Abstract

Objectives: 1)To asses the magnitude of clinical inertia when managing high-normal blood pressure (BP) levels in patients at high cardiovascular (CV) risk; and 2) To analyse physician and patient factors underlying clinical inertia. Design and Methods: An anonymous survey was conducted in primary-care physicians of Madrid in order to assess their attitude towards initiation or intensification of antihypertensive medications in a set of four hypothetical clinical cases. Physicians demographic features and primary-care-centres characteristics were analysed. Each case described a situation in which a patient at high CV risk had high-normal BP levels (BP:135–139/85–89 mmHg).

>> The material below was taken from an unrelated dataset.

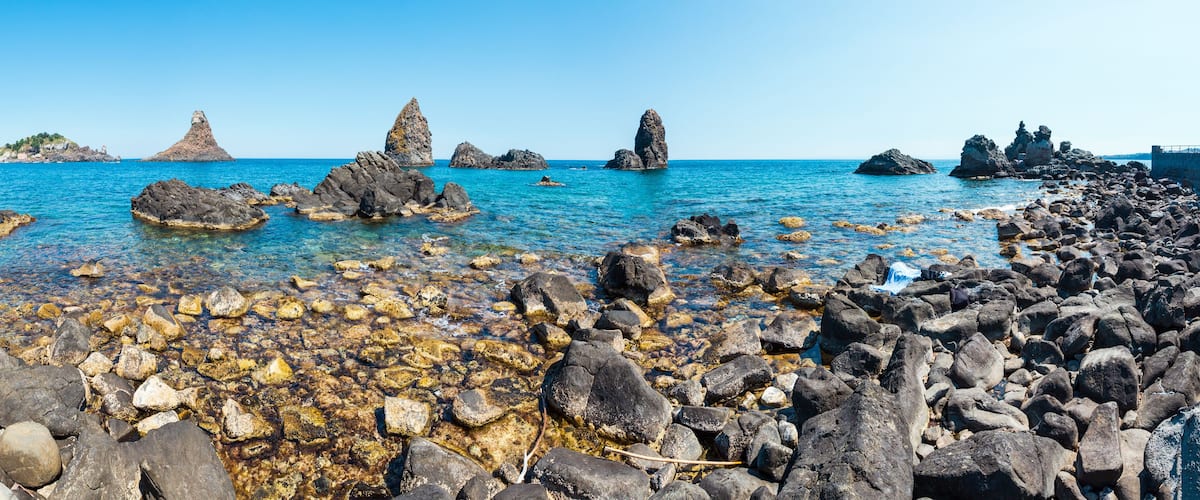 A rocky shoreline with clear blue water and distinctive rock formations.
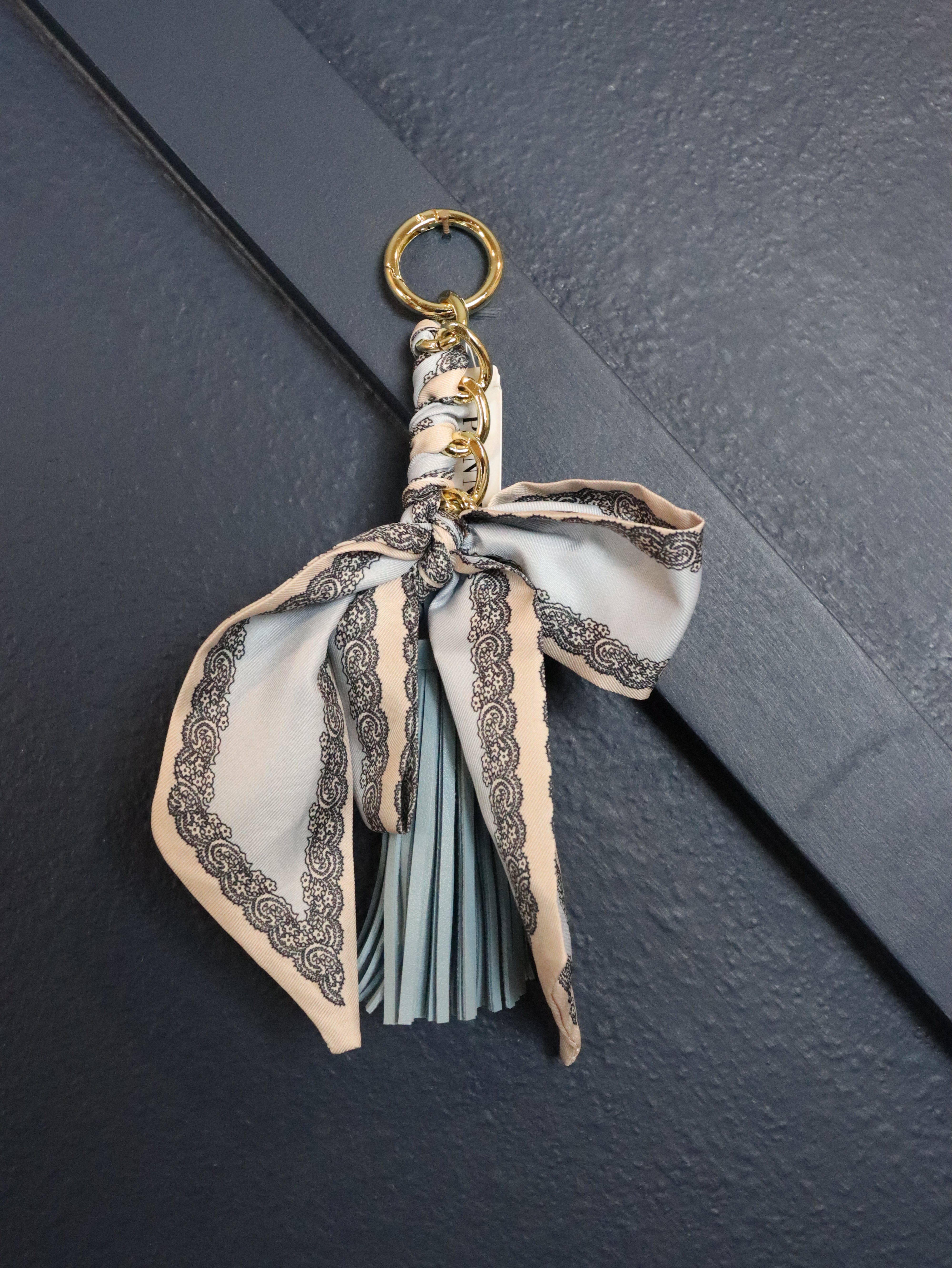 Bag charm with tassel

The cases were characterised by one of the following clinical features: 1) metabolic syndrome;2) type II diabetes; 3) moderate renal insufficiency due to glomerulosclerosis; and 4) ischemic stroke. Physicians were asked to decide whether or not to initiate or intensify a previous treatment and otherwise give reasons for not modifying it. Results: Two hundred and seventy-five physicians participated. Overall, the physicians decided to initiate or intensify a previous treatment in 2.5 ± 0.7 cases. Physicians' attitude was very different depending on the clinical cases: Most physicians (87%) decided to intensify the treatment in the renal insufficiency case, while only 47% of them did so in the metabolic syndrome case. Most doctors who did not modify the previous treatment (74%) argued that clinic BP might not reflect “real life” BP. The remaining 26% doctors considered that patients' BP values were acceptable. CV Working Group membership and routine use of CV stratification risk were both associated (p < 0.05) with a more “aggressive” therapeutic attitude. Conclusions: 1) Our results suggest an important therapeutic inertia when managing high-normal BP at primary care settings. However, they might not reflect what physicians actually decide in the real clinical setting. 2) The degree of clinical inertia is influenced by physician factors (routine use to stratification risk tables and membership to CV working groups) and patient factors (specific clinical features related with CV risk).